> **RAW DATA**
<<<<

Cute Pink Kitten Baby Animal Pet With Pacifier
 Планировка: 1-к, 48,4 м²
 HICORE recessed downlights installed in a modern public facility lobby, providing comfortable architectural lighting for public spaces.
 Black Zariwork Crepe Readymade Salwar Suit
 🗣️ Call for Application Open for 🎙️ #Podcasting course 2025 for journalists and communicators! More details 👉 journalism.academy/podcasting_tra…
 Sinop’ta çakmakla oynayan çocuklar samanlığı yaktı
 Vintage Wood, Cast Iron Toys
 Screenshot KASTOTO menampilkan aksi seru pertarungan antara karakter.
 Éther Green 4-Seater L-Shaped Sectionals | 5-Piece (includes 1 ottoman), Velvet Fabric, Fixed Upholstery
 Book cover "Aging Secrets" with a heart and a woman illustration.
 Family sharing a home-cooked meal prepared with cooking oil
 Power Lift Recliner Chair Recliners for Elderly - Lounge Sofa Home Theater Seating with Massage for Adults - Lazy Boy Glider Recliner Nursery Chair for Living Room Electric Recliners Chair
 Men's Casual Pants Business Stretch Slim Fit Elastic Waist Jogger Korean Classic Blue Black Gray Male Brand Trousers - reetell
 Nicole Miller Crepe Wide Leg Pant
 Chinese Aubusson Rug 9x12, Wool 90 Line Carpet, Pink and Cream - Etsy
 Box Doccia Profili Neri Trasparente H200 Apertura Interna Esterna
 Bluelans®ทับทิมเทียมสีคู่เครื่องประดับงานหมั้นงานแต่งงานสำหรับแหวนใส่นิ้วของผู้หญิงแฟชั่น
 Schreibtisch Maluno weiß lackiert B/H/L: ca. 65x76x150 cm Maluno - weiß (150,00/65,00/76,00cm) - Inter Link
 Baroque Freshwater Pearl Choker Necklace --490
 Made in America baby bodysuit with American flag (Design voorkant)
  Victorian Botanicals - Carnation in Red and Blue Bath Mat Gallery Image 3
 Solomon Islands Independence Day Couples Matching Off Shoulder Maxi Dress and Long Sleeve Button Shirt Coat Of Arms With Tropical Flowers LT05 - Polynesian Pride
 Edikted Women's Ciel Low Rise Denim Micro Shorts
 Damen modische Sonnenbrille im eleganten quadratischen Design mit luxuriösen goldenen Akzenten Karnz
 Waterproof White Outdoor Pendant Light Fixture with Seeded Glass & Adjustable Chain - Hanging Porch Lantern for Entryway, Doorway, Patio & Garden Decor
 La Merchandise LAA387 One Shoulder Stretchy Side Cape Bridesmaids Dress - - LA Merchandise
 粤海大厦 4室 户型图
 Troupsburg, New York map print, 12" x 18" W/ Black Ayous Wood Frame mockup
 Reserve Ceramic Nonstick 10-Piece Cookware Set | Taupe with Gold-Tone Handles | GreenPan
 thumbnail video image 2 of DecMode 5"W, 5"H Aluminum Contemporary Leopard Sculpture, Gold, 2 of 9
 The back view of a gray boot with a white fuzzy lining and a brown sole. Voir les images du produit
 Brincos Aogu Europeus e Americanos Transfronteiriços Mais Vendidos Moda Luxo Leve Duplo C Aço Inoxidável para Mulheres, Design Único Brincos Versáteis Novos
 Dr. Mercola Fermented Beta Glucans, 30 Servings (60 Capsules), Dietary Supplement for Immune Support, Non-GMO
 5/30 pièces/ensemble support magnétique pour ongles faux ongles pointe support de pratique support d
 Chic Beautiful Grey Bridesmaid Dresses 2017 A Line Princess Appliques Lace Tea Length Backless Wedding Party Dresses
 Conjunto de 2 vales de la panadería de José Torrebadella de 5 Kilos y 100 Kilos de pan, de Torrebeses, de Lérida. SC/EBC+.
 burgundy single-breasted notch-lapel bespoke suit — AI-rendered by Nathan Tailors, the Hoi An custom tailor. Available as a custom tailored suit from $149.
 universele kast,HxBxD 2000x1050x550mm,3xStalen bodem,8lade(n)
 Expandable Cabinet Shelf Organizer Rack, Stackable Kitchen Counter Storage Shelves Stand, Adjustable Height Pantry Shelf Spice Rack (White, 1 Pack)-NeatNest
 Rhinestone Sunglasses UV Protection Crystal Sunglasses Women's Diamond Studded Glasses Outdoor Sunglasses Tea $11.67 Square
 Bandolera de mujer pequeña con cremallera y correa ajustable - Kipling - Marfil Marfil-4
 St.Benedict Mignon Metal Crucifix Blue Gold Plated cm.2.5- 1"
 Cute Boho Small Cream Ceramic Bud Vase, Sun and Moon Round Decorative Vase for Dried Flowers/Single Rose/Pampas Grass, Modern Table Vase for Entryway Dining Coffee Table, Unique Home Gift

>>>>

> **WORK REQUEST**
All of the records above need to be printed again exactly as they appear.

> **ANSWER SPACE**
Cute Pink Kitten Baby Animal Pet With Pacifier
 Планировка: 1-к, 48,4 м²
 HICORE recessed downlights installed in a modern public facility lobby, providing comfortable architectural lighting for public spaces.
 Black Zariwork Crepe Readymade Salwar Suit
 🗣️ Call for Application Open for 🎙️ #Podcasting course 2025 for journalists and communicators! More details 👉 journalism.academy/podcasting_tra…
 Sinop’ta çakmakla oynayan çocuklar samanlığı yaktı
 Vintage Wood, Cast Iron Toys
 Screenshot KASTOTO menampilkan aksi seru pertarungan antara karakter.
 Éther Green 4-Seater L-Shaped Sectionals | 5-Piece (includes 1 ottoman), Velvet Fabric, Fixed Upholstery
 Book cover "Aging Secrets" with a heart and a woman illustration.
 Family sharing a home-cooked meal prepared with cooking oil
 Power Lift Recliner Chair Recliners for Elderly - Lounge Sofa Home Theater Seating with Massage for Adults - Lazy Boy Glider Recliner Nursery Chair for Living Room Electric Recliners Chair
 Men's Casual Pants Business Stretch Slim Fit Elastic Waist Jogger Korean Classic Blue Black Gray Male Brand Trousers - reetell
 Nicole Miller Crepe Wide Leg Pant
 Chinese Aubusson Rug 9x12, Wool 90 Line Carpet, Pink and Cream - Etsy
 Box Doccia Profili Neri Trasparente H200 Apertura Interna Esterna
 Bluelans®ทับทิมเทียมสีคู่เครื่องประดับงานหมั้นงานแต่งงานสำหรับแหวนใส่นิ้วของผู้หญิงแฟชั่น
 Schreibtisch Maluno weiß lackiert B/H/L: ca. 65x76x150 cm Maluno - weiß (150,00/65,00/76,00cm) - Inter Link
 Baroque Freshwater Pearl Choker Necklace --490
 Made in America baby bodysuit with American flag (Design voorkant)
  Victorian Botanicals - Carnation in Red and Blue Bath Mat Gallery Image 3
 Solomon Islands Independence Day Couples Matching Off Shoulder Maxi Dress and Long Sleeve Button Shirt Coat Of Arms With Tropical Flowers LT05 - Polynesian Pride
 Edikted Women's Ciel Low Rise Denim Micro Shorts
 Damen modische Sonnenbrille im eleganten quadratischen Design mit luxuriösen goldenen Akzenten Karnz
 Waterproof White Outdoor Pendant Light Fixture with Seeded Glass & Adjustable Chain - Hanging Porch Lantern for Entryway, Doorway, Patio & Garden Decor
 La Merchandise LAA387 One Shoulder Stretchy Side Cape Bridesmaids Dress - - LA Merchandise
 粤海大厦 4室 户型图
 Troupsburg, New York map print, 12" x 18" W/ Black Ayous Wood Frame mockup
 Reserve Ceramic Nonstick 10-Piece Cookware Set | Taupe with Gold-Tone Handles | GreenPan
 thumbnail video image 2 of DecMode 5"W, 5"H Aluminum Contemporary Leopard Sculpture, Gold, 2 of 9
 The back view of a gray boot with a white fuzzy lining and a brown sole. Voir les images du produit
 Brincos Aogu Europeus e Americanos Transfronteiriços Mais Vendidos Moda Luxo Leve Duplo C Aço Inoxidável para Mulheres, Design Único Brincos Versáteis Novos
 Dr. Mercola Fermented Beta Glucans, 30 Servings (60 Capsules), Dietary Supplement for Immune Support, Non-GMO
 5/30 pièces/ensemble support magnétique pour ongles faux ongles pointe support de pratique support d
 Chic Beautiful Grey Bridesmaid Dresses 2017 A Line Princess Appliques Lace Tea Length Backless Wedding Party Dresses
 Conjunto de 2 vales de la panadería de José Torrebadella de 5 Kilos y 100 Kilos de pan, de Torrebeses, de Lérida. SC/EBC+.
 burgundy single-breasted notch-lapel bespoke suit — AI-rendered by Nathan Tailors, the Hoi An custom tailor. Available as a custom tailored suit from $149.
 universele kast,HxBxD 2000x1050x550mm,3xStalen bodem,8lade(n)
 Expandable Cabinet Shelf Organizer Rack, Stackable Kitchen Counter Storage Shelves Stand, Adjustable Height Pantry Shelf Spice Rack (White, 1 Pack)-NeatNest
 Rhinestone Sunglasses UV Protection Crystal Sunglasses Women's Diamond Studded Glasses Outdoor Sunglasses Tea $11.67 Square
 Bandolera de mujer pequeña con cremallera y correa ajustable - Kipling - Marfil Marfil-4
 St.Benedict Mignon Metal Crucifix Blue Gold Plated cm.2.5- 1"
 Cute Boho Small Cream Ceramic Bud Vase, Sun and Moon Round Decorative Vase for Dried Flowers/Single Rose/Pampas Grass, Modern Table Vase for Entryway Dining Coffee Table, Unique Home Gift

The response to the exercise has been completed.